- **EXERCISE REQUIREMENTS**:
Set each line of the material below down word for word, from the first through the line that holds "But basically this", but not the pictures.

- **THE DATA**:
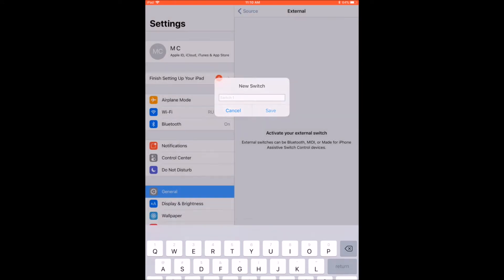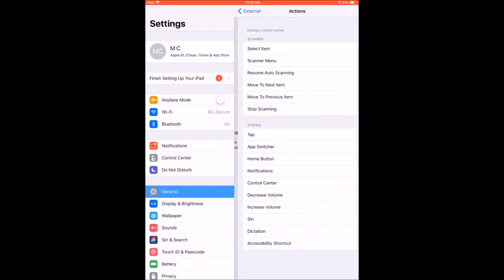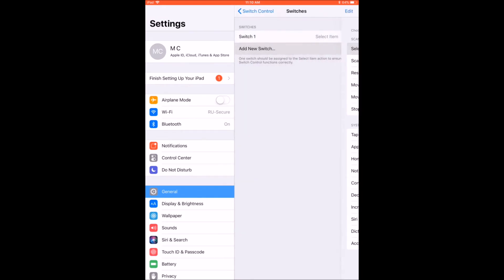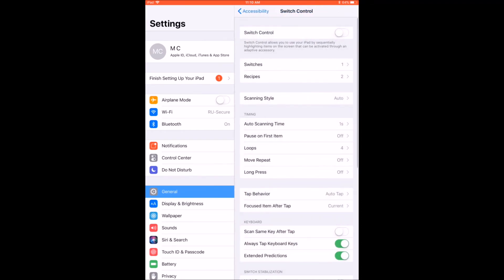In the Actions window, assign the switch an action from the list. If you are using a single switch, choose the Select Item action, then go back to the Main Switch Control menu, and make sure that the Scanning Style item is set to Auto.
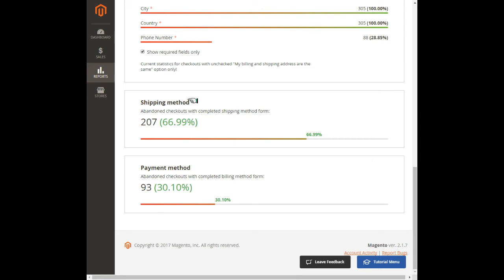It seems that customers find the provided shipping options too expensive and abandon checkouts in the hope to find cheaper deliveries. This way we localize the main bottleneck that prevents more than half of potential sales.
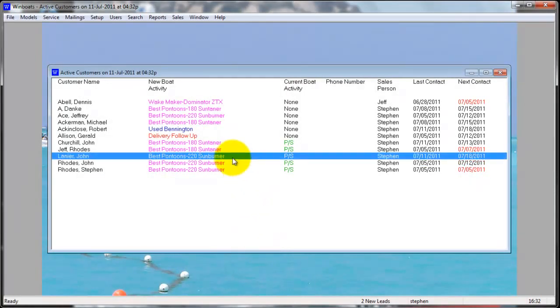The customer is now shown on the active customers list and will show up on the salesperson's to-do list on the next contact date.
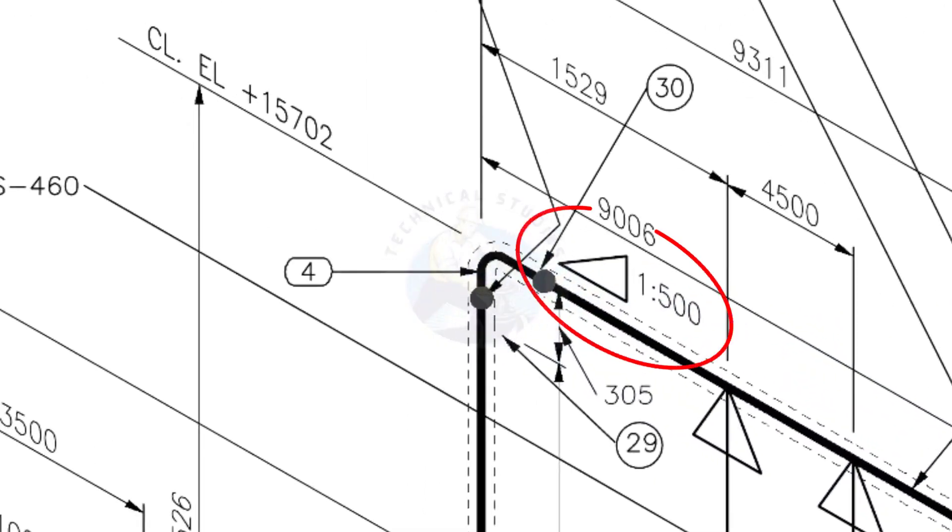See the pipe slope symbol. The slope ratio is 1 is to 500. Means, for every meter length, the pipe is 2 millimeters lower than the other end. During the fabrication, you need to maintain the degree of the elbow according to this slope.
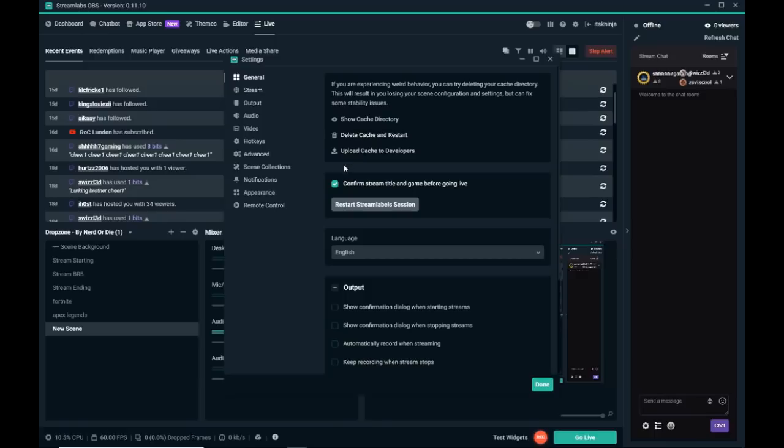But basically this will delete all your scenes, everything. Not like your recent events and stuff, and then you'll have to log back in and remake all your scenes.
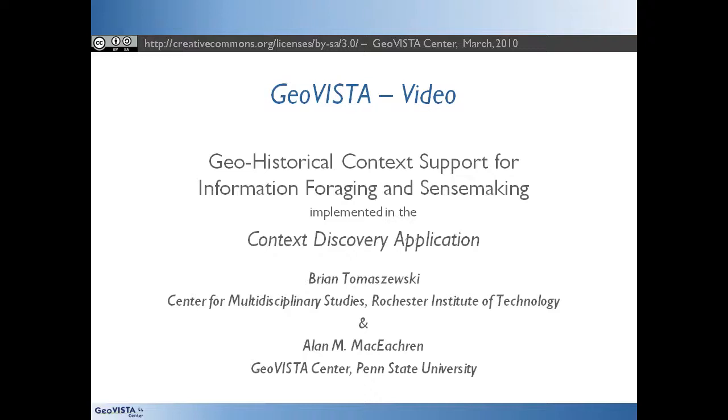This GeoVista video presents research on geohistorical context support for information foraging and sensemaking, as implemented in the Context Discovery Application.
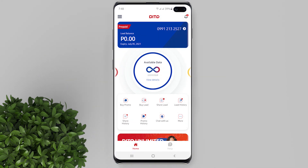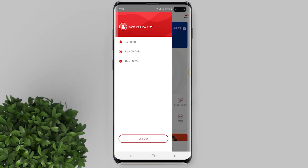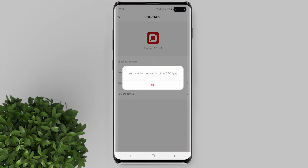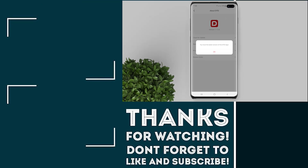If you don't see the pop-up notification for a new version, tap on the hamburger icon at the upper left — the three lines icon. Then tap on 'About Dito', then 'Check for Update'. It doesn't show a new update here because I already installed it.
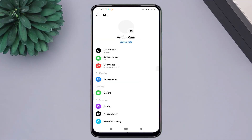As you can see, the profile picture has been successfully changed. You should know that once you change your profile picture on Messenger, it will also be changed on Facebook and your linked Instagram account.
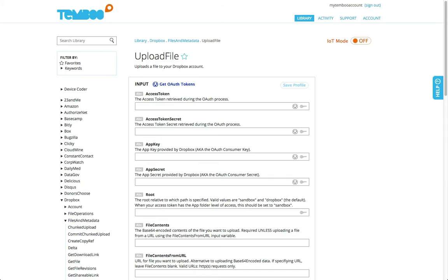Here's the upload file Choreo from the Dropbox API, which allows you to upload a file from a URL to Dropbox.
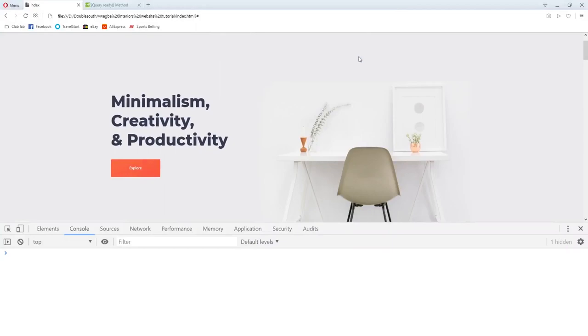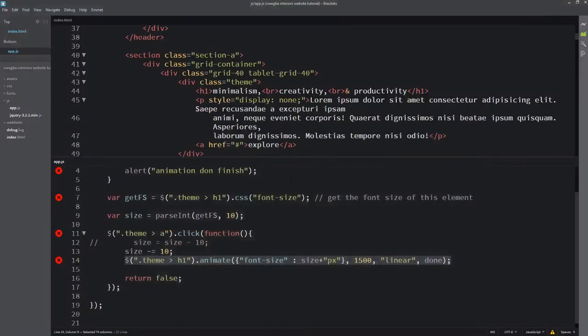All right, so that's the animate method in jQuery. We'll end the video here. If you didn't get anything clear, ask a question in the comment section and I'll answer. I've been Big Tank from Double South - if you just joined us, subscribe to the channel, like the video, and share it with others. Thank you.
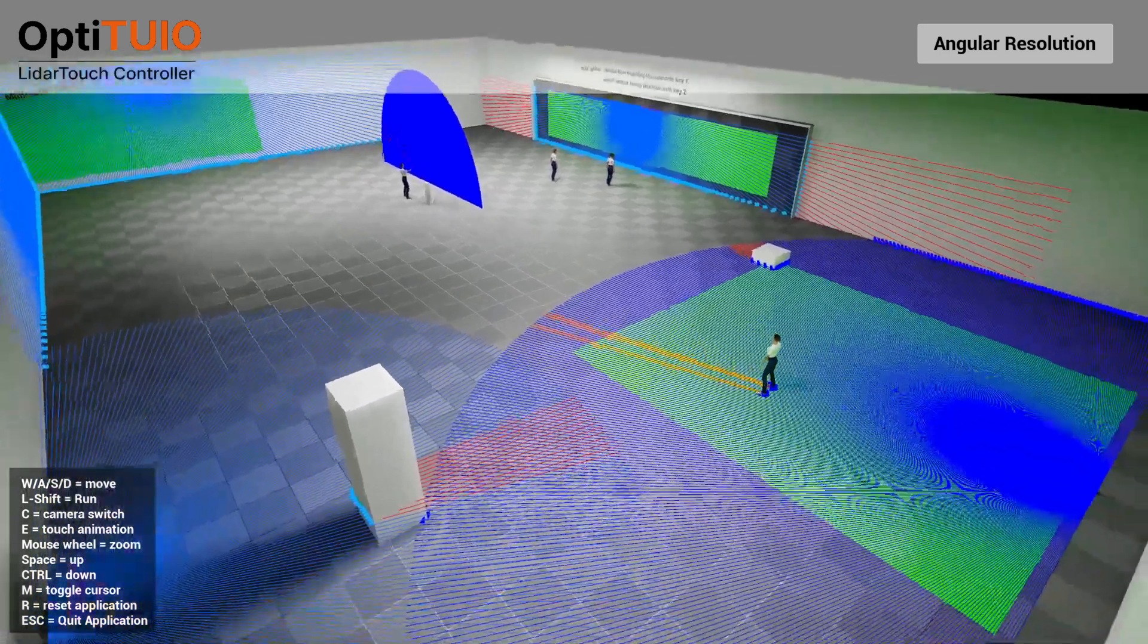As you can see now OptiTUIO is recognizing each footstep of this character. And of course one thing you can see here directly, let's say one person is standing here and is throwing a shadow, so that means that this person cannot be tracked because she's standing in the shadow of this person. So this is one limitation what we have at least with one single lidar setup.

- **WRITTEN SOLUTION**:
In the Actions window, assign the switch an action from the list. If you are using a single switch, choose the Select Item action, then go back to the Main Switch Control menu, and make sure that the Scanning Style item is set to Auto.
It seems that customers find the provided shipping options too expensive and abandon checkouts in the hope to find cheaper deliveries. This way we localize the main bottleneck that prevents more than half of potential sales.
The customer is now shown on the active customers list and will show up on the salesperson's to-do list on the next contact date.
See the pipe slope symbol. The slope ratio is 1 is to 500. Means, for every meter length, the pipe is 2 millimeters lower than the other end. During the fabrication, you need to maintain the degree of the elbow according to this slope.
But basically this will delete all your scenes, everything. Not like your recent events and stuff, and then you'll have to log back in and remake all your scenes.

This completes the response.